長い事走っていると1つの部屋に到着した。部屋の扉は燃えてしまったのか崩れ落ちており。
部屋の中から幼い少女の鳴き声が聞こえている。
「 陛下!王妃様!姫様!此方ですか!? 」
男は自分に着いて来た数名の男達と共にそう叫びながら部屋に入った。
部屋の奥では。
一人の幼き少女が床に倒れ付した父と母の背に手を当て泣いていた。
男は幼き少女に近寄り床に方膝を着くようにしゃがむ。
「 陛下!王妃様! 」
男は少女を抱きかかえるとそこに倒れる二人の背に手を当て揺する。すると・・・。
「 ん・・・。あぁ。ジャスティ・・・ 」
今は半分焦げてしまったが、おそらく元は煌びやかだったであろうドレスを纏った女性が目を開けた。
「 王妃様!大丈夫ですか!?今お助け致します!おい!王妃様を! 」
「 はっ! 」
男はすぐ後ろにいる男達に命令をするが。すぐに止められた。
「 いいえ・・・無用です・・・今助けられても・・・私はもう・・・長くない・・・ 」
「 王妃様!何をおっしゃられますか!すぐ・・・ 」
男がそこまで言うと。最後の力を振り絞るように王妃は叫んだ。
「 聞きなさい!ジャスティ・・・! 」
「 っつ・・・・・・・・・ 」
ジャスティと呼ばれる男が口を噤むと。王妃と呼ばれていた女性は横になった体制のままニコリと微笑みを見せた。

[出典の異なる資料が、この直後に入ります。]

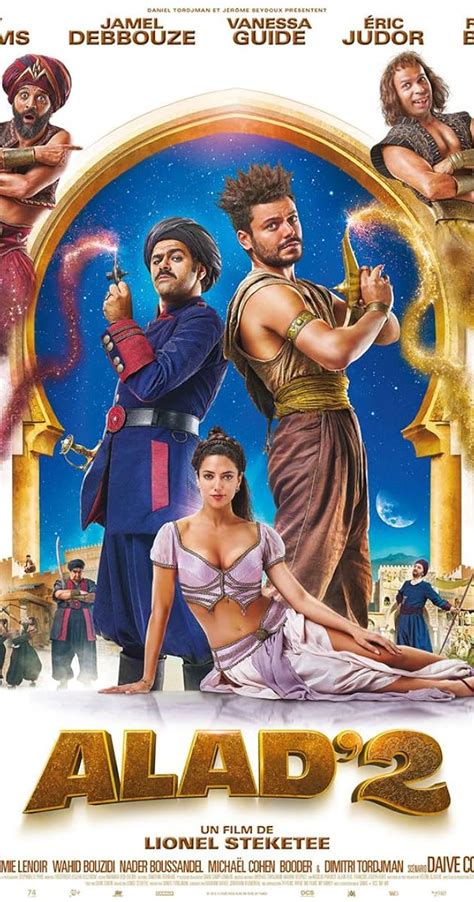 Aladdin 2 Betano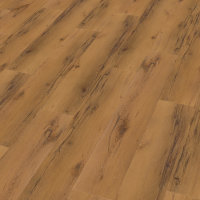 Treppenverkleidung aus Klebevinyl 0,55 mm Nutzschicht, Winkel: Abdeckwinkel,  Eiche Salzburger Land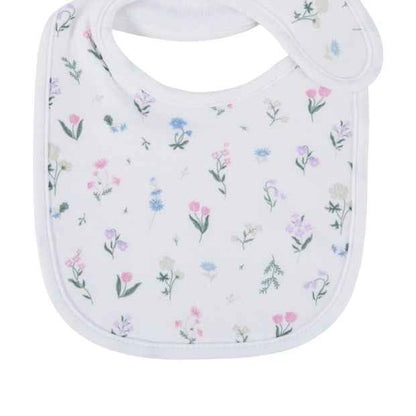 Anko 5 Pack Bibs - Floral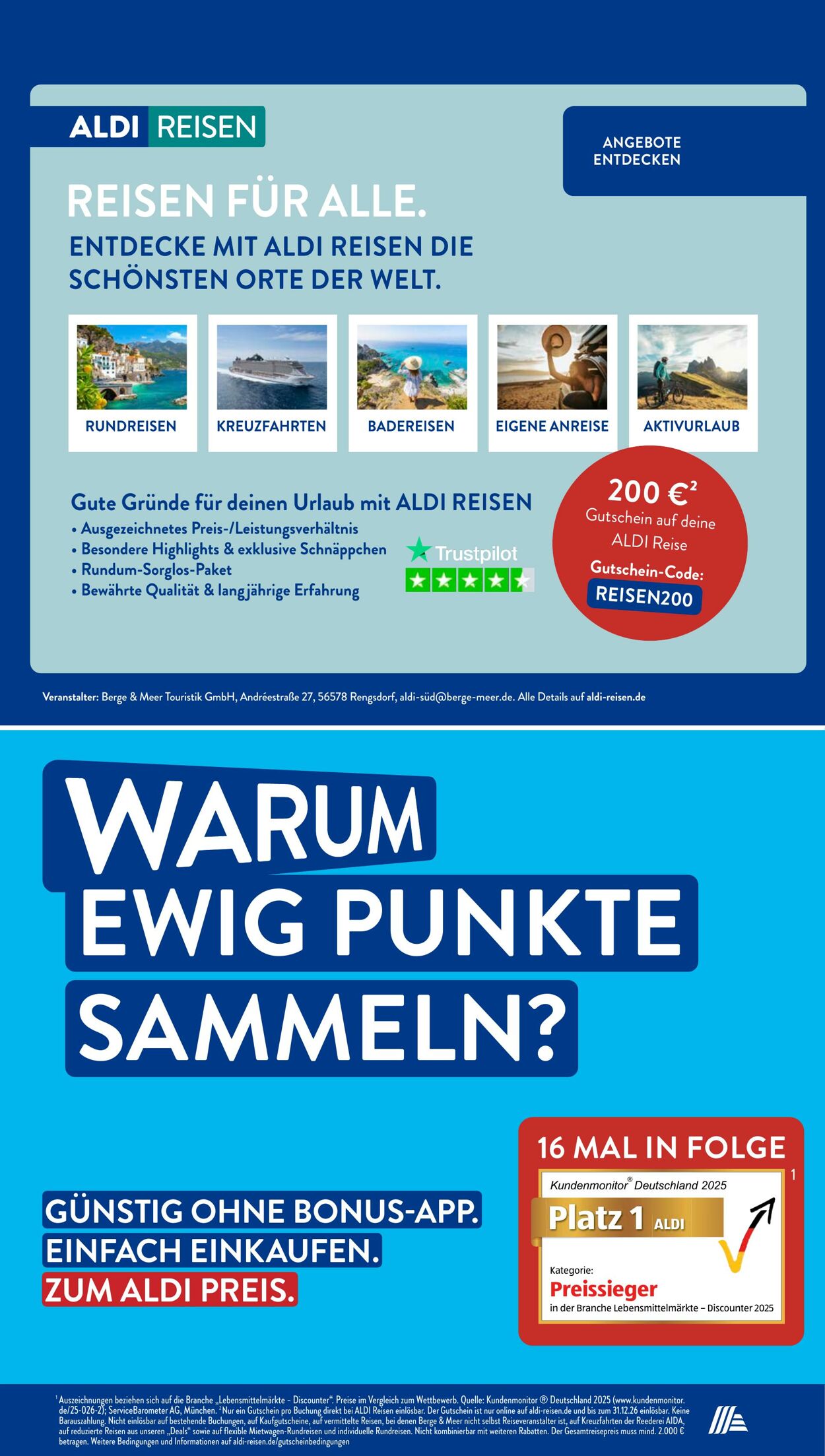 Prospekt ALDI SÜD 26.07.2026 - 03.08.2026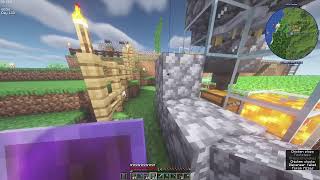 Ray's Crafting Minecraft Hardcore LIVE! Day 130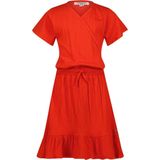 Vingino Pommelien Jurk - Breeze Red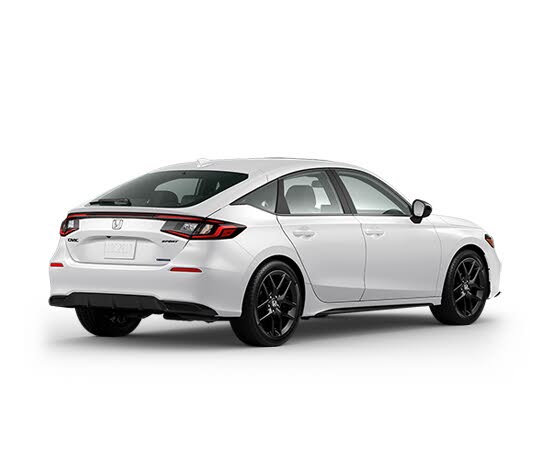 2026 Honda Civic Hybrid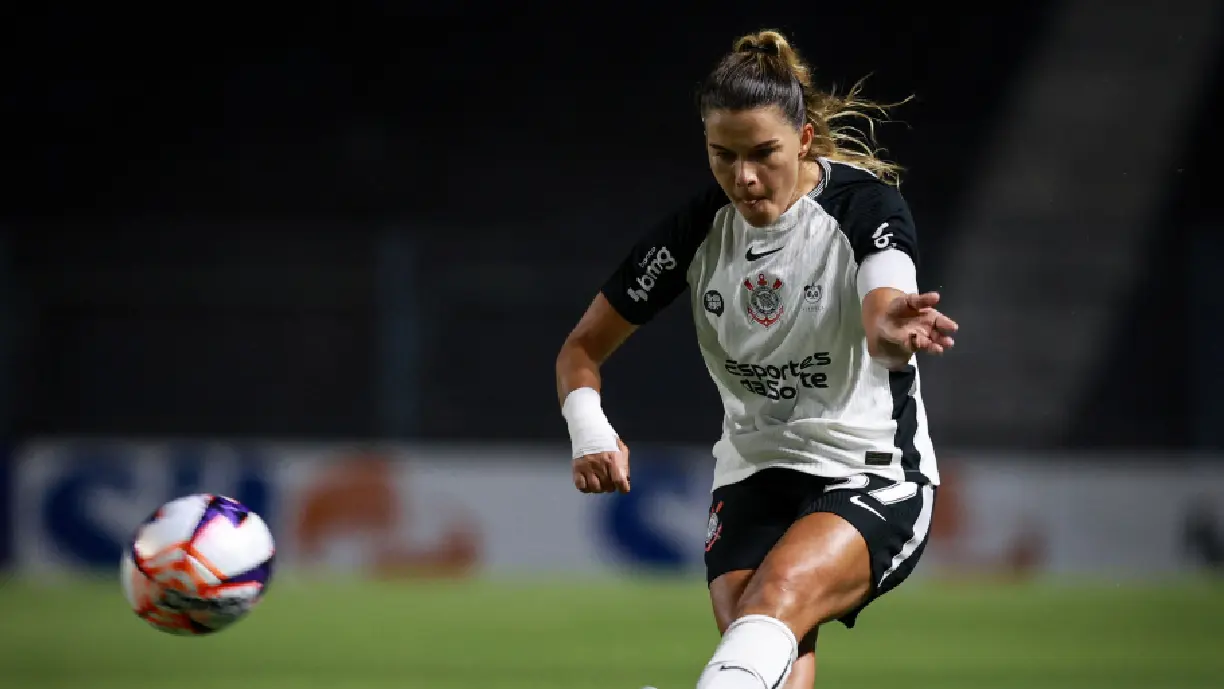 Brabas do Timão encaram o Santos pelo Paulistão Feminino; ingressos já estão à venda - Foto: Rodrigo Gazzanel/Agência Corinthians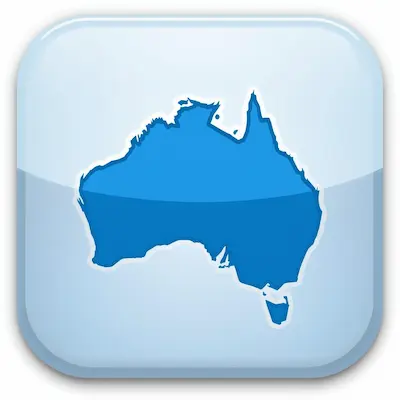 New South Wales State Map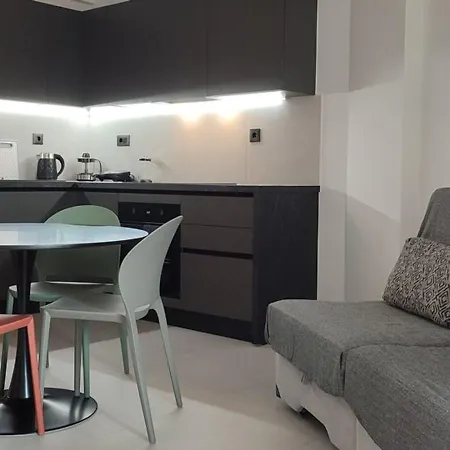 Hellene αpartment Near Chania Centre Апартаменты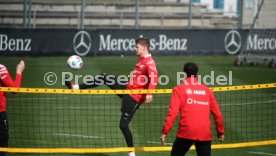 21.03.24 VfB Stuttgart Training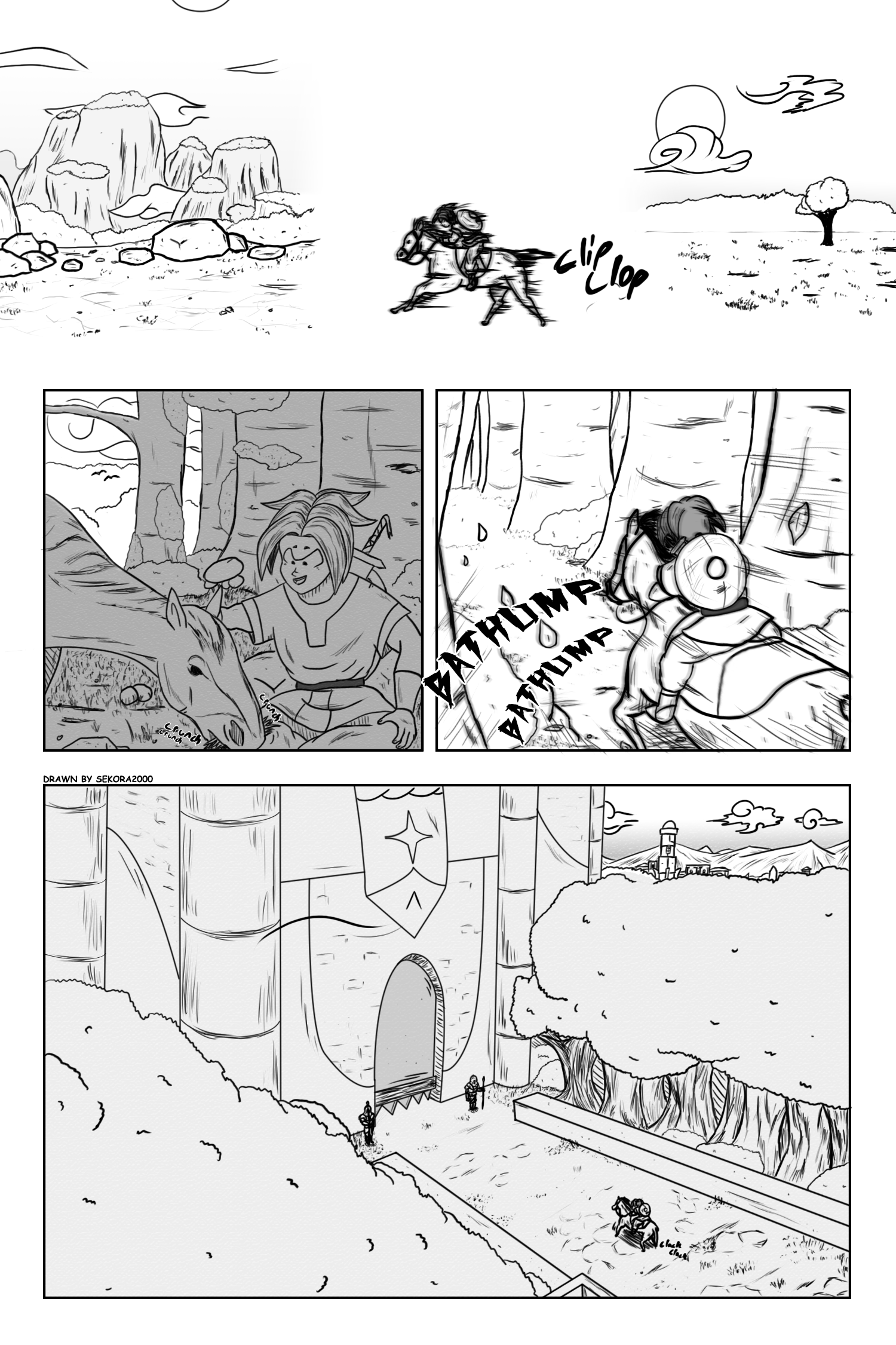 Misenchanted 第6页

「 ジャスティ。陛下は亡くなり・・・私も助からないでしょう・・・。ですが。我が国にはまだその子セルティアがいます。その子が居る限り・・・我が海賊国家ルシーバ国の王家は途絶えません。お願いです。その子を、その子を守ってください。そしていつか。国を滅ぼした者を捕らえ。国の再建を・・・。頼めるのは陛下の親友である貴方だけ・・・どうか・・・どうか・・・・・・・・・ 」
そこまで言うと王妃はジャスティに抱かれているセルティアに触れ微笑む。だが、すぐにその腕は床にゆっくりとパタリと言う軽い音を立てて落ちた。
「 王妃様! 」
すぐ様呼びかけるがもう返事をされる事はなかった・・・。ジャスティは歯を噛み締めながら腕の中で泣いているセルティアの頭を撫でていると。後ろに控えていた男の一人は胸に手を当て一礼をし。もう一人は周りをキョロキョロ見ては。「船長!もう・・・やばいっすよ!」と外に出る事を促す。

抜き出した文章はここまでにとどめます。